Input for this task START

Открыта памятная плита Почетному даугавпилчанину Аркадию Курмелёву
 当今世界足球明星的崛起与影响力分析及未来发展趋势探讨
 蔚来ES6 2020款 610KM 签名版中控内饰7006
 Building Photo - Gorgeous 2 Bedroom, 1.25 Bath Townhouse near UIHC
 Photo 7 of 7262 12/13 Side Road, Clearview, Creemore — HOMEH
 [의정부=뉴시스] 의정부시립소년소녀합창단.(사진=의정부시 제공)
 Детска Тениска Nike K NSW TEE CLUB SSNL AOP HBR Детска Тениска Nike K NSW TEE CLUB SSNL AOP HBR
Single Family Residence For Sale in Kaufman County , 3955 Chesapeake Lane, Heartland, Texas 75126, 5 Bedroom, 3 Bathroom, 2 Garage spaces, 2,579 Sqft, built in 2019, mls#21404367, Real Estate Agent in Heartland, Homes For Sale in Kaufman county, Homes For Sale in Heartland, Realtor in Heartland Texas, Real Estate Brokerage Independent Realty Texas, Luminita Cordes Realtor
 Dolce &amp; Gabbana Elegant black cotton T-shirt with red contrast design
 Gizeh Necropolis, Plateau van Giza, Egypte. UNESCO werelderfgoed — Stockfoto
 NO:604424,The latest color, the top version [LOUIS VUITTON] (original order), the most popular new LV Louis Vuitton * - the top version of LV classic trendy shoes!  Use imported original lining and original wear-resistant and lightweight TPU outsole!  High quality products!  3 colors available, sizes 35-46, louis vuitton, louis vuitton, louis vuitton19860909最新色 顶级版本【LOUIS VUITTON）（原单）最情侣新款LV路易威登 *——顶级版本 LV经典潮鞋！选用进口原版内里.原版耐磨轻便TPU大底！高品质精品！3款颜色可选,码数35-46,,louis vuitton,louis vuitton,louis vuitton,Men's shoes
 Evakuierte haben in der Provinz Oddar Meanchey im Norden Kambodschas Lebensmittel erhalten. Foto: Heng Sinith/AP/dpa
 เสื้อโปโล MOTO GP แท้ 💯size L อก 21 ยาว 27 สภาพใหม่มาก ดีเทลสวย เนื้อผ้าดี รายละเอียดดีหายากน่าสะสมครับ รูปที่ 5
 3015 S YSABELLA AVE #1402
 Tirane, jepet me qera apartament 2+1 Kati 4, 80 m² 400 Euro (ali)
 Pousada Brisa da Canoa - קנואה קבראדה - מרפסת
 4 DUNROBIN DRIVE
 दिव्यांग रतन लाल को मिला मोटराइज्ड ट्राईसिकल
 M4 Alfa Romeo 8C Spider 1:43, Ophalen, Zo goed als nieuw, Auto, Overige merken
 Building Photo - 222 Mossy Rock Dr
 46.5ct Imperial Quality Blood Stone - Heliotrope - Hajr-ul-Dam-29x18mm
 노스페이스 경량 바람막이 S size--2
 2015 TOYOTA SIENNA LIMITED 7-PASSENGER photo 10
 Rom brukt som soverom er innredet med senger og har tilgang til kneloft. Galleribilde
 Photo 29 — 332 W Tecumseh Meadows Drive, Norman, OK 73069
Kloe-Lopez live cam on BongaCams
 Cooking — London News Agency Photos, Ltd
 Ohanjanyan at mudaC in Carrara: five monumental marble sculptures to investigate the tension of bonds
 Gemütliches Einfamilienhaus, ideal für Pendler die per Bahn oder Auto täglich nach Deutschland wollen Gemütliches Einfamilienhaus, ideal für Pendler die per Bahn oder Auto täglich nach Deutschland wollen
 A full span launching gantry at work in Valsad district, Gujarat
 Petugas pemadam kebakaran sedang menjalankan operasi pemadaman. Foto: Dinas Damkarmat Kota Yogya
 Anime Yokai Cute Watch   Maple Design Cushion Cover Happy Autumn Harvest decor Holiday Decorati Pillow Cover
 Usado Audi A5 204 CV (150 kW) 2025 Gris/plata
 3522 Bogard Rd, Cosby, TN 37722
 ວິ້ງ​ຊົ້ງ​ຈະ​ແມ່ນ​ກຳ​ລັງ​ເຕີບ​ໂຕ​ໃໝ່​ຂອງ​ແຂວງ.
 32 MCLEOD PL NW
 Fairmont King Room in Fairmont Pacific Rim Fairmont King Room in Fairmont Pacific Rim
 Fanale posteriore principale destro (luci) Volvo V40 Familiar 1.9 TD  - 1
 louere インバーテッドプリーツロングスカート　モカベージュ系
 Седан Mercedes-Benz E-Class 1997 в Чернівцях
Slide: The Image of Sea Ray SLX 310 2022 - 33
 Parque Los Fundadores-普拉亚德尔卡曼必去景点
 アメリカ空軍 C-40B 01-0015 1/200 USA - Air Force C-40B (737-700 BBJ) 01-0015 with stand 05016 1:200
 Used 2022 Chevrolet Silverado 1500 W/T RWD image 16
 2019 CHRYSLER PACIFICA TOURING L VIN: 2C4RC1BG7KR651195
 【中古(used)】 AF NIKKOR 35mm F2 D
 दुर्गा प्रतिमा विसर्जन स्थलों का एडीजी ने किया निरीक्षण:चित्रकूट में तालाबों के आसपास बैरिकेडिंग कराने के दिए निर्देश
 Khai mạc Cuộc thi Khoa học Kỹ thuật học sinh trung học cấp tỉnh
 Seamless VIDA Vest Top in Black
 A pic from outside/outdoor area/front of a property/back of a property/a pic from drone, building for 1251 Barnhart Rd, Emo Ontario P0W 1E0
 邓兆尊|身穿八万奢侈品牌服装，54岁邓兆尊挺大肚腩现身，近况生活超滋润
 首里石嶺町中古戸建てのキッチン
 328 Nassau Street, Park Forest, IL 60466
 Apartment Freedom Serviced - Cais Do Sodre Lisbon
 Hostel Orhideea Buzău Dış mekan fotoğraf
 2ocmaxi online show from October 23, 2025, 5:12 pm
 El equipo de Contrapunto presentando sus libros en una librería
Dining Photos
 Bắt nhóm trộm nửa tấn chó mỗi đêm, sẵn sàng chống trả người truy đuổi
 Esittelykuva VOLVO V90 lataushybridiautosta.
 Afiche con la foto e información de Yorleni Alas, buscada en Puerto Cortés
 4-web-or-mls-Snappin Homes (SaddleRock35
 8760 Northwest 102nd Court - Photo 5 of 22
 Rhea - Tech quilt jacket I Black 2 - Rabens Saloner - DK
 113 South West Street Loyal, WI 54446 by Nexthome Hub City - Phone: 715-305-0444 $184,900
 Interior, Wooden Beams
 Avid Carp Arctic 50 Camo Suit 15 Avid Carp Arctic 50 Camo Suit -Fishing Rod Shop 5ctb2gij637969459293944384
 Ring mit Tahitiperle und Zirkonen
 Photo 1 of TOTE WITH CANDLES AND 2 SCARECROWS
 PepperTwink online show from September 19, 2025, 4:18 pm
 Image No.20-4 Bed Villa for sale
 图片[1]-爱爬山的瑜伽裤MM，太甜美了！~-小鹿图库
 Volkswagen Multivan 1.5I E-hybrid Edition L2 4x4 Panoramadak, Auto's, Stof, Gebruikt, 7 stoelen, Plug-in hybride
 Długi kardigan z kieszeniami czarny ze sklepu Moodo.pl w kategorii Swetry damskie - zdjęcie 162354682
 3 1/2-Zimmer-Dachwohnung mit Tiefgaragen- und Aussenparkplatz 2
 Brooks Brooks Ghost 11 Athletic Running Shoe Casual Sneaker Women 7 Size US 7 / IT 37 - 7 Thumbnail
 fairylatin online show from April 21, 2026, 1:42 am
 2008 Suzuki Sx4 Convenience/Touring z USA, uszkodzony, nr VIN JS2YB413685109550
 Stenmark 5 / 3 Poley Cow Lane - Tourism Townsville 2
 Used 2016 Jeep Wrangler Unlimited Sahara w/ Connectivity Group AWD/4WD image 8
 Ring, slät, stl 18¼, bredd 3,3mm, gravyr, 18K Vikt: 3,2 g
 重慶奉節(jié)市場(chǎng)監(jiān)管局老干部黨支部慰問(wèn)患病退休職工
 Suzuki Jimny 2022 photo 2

Input for this task END

After locating the line with "Photo 1 of TOTE" in the records above, please set down that line and all later ones exactly, and no other line.

--- Response to the exercise ---
 Photo 1 of TOTE WITH CANDLES AND 2 SCARECROWS
 PepperTwink online show from September 19, 2025, 4:18 pm
 Image No.20-4 Bed Villa for sale
 图片[1]-爱爬山的瑜伽裤MM，太甜美了！~-小鹿图库
 Volkswagen Multivan 1.5I E-hybrid Edition L2 4x4 Panoramadak, Auto's, Stof, Gebruikt, 7 stoelen, Plug-in hybride
 Długi kardigan z kieszeniami czarny ze sklepu Moodo.pl w kategorii Swetry damskie - zdjęcie 162354682
 3 1/2-Zimmer-Dachwohnung mit Tiefgaragen- und Aussenparkplatz 2
 Brooks Brooks Ghost 11 Athletic Running Shoe Casual Sneaker Women 7 Size US 7 / IT 37 - 7 Thumbnail
 fairylatin online show from April 21, 2026, 1:42 am
 2008 Suzuki Sx4 Convenience/Touring z USA, uszkodzony, nr VIN JS2YB413685109550
 Stenmark 5 / 3 Poley Cow Lane - Tourism Townsville 2
 Used 2016 Jeep Wrangler Unlimited Sahara w/ Connectivity Group AWD/4WD image 8
 Ring, slät, stl 18¼, bredd 3,3mm, gravyr, 18K Vikt: 3,2 g
 重慶奉節(jié)市場(chǎng)監(jiān)管局老干部黨支部慰問(wèn)患病退休職工
 Suzuki Jimny 2022 photo 2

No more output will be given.